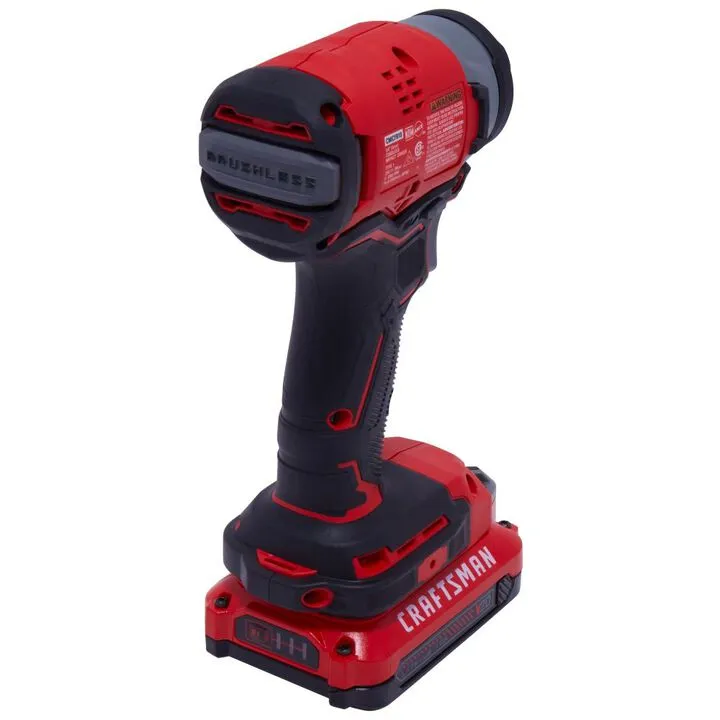CRAFTSMAN V20 Cordless Brushless 1/4 Inch Impact Driver 2-Battery Kit 2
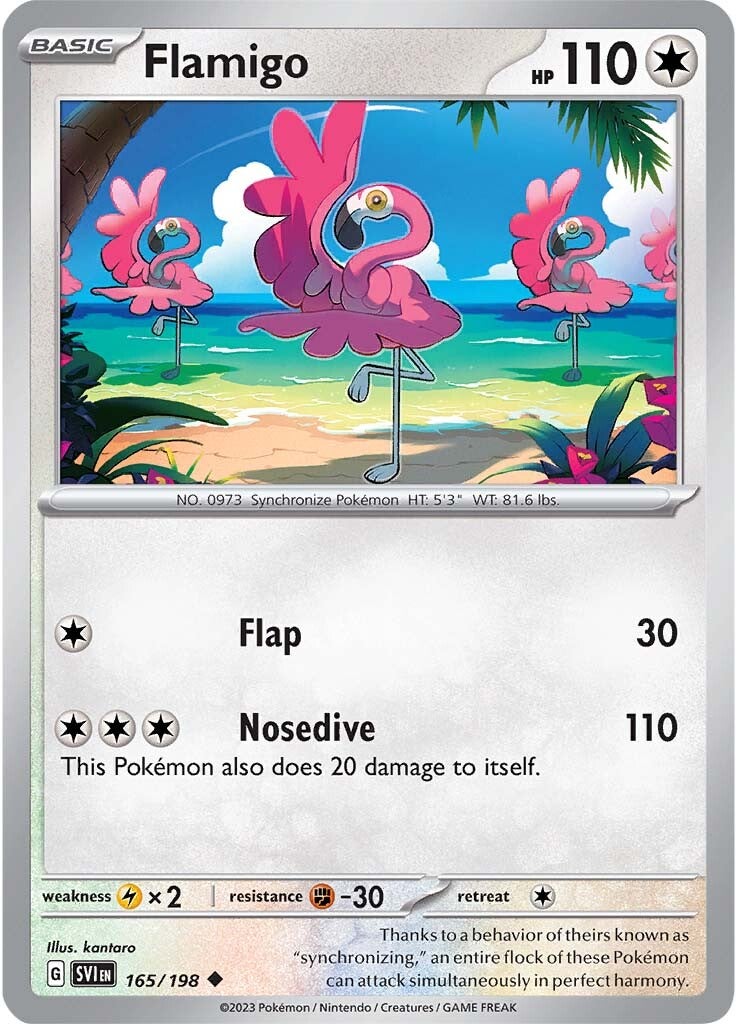 Flamigo (165/198) [Scarlet & Violet: Base Set] | Card Merchant Takapuna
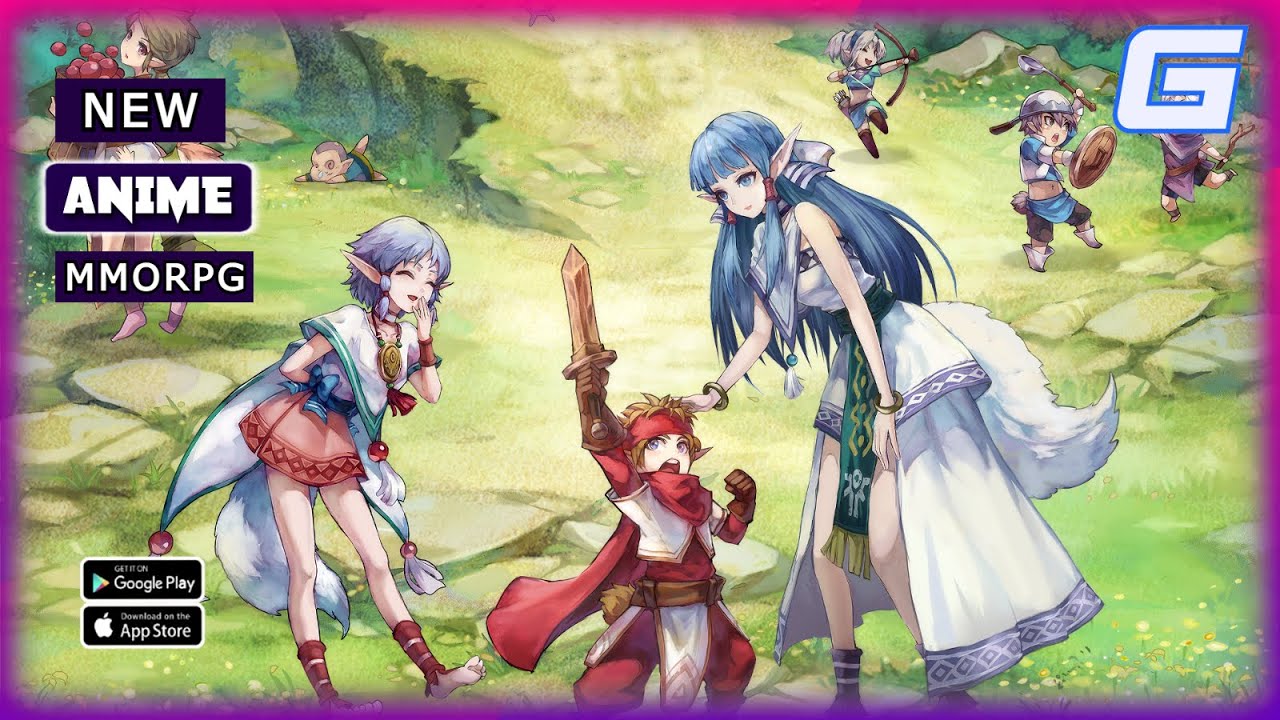 A Story-Driven Anime MMORPG - Ys 6 Mobile VNG: The Ark Of Napishtim Gameplay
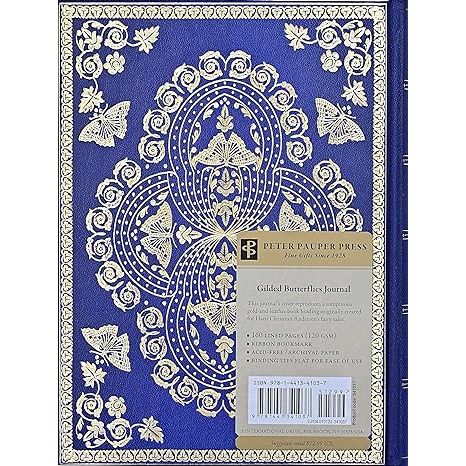 Libreta Gilded Butterflies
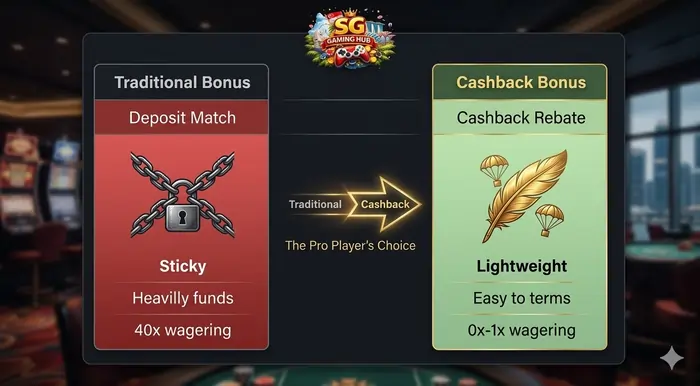 Cashback vs. Other Casino Bonuses: The Comparison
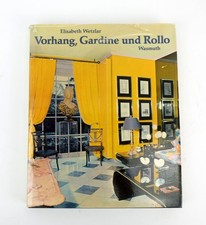 Vorhang, Gardine und Rollo - Vintage Retro 70er 60er Mid Century Space Age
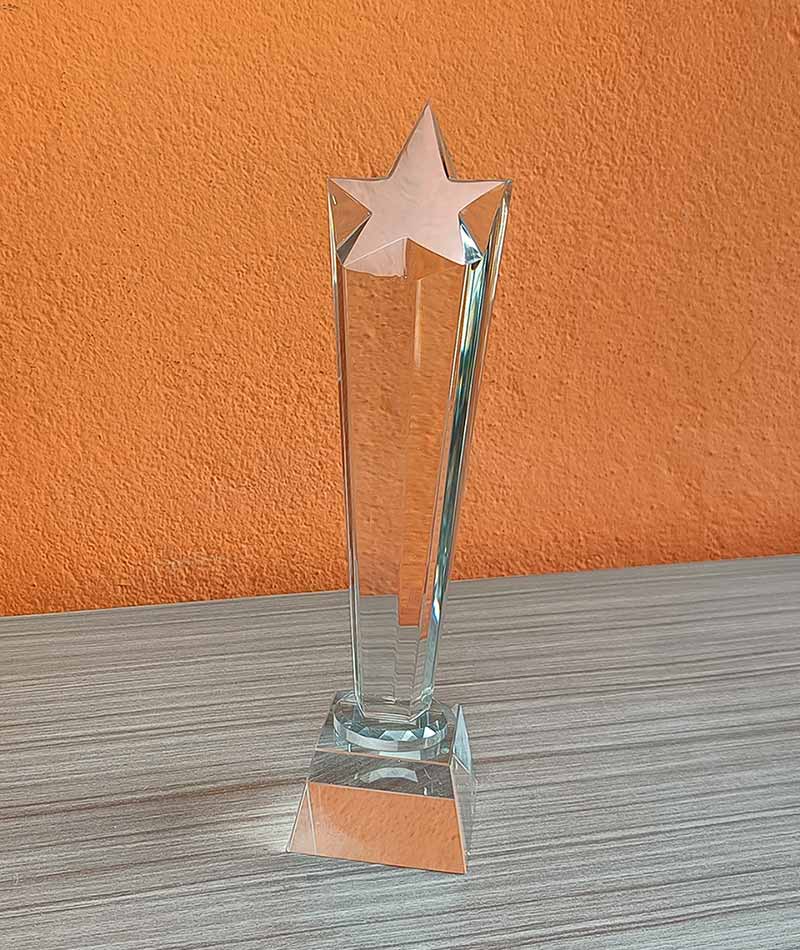 Rising Star Crystal Award 27 cm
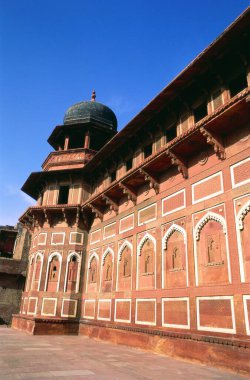 Kızıl Kale 'de Jahangir Mahal, Agra, Uttar Pradesh, Hindistan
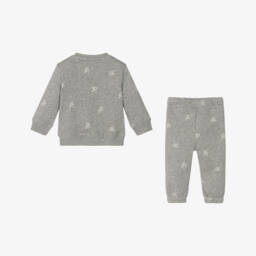 Calvin Klein-Boys Grey Organic Cotton Tracksuit | Childrensalon Outlet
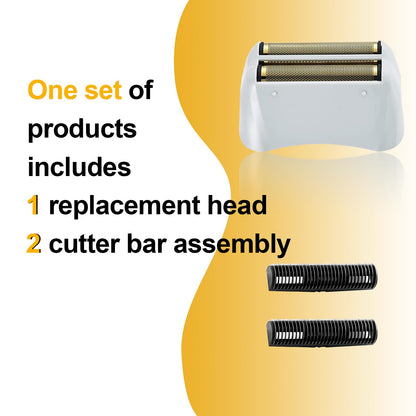 White Smoke 4 Pack Pro Shaver Replacement Foil and Cutters compatible with andis 17150(TS-1) shaver ProFoil Lithium replacement, Golden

◆ **Exercise instructions**
For this exercise, write out exactly the lines from the one with "Flamigo (165/198) [Scarlet" through the last line of the records, inclusive, and leave each picture out.

◆ **Expected answer**
 Flamigo (165/198) [Scarlet & Violet: Base Set] | Card Merchant Takapuna
 A Story-Driven Anime MMORPG - Ys 6 Mobile VNG: The Ark Of Napishtim Gameplay
 Libreta Gilded Butterflies
 Cashback vs. Other Casino Bonuses: The Comparison
 Vorhang, Gardine und Rollo - Vintage Retro 70er 60er Mid Century Space Age
 Rising Star Crystal Award 27 cm
 Kızıl Kale 'de Jahangir Mahal, Agra, Uttar Pradesh, Hindistan
 Calvin Klein-Boys Grey Organic Cotton Tracksuit | Childrensalon Outlet
 White Smoke 4 Pack Pro Shaver Replacement Foil and Cutters compatible with andis 17150(TS-1) shaver ProFoil Lithium replacement, Golden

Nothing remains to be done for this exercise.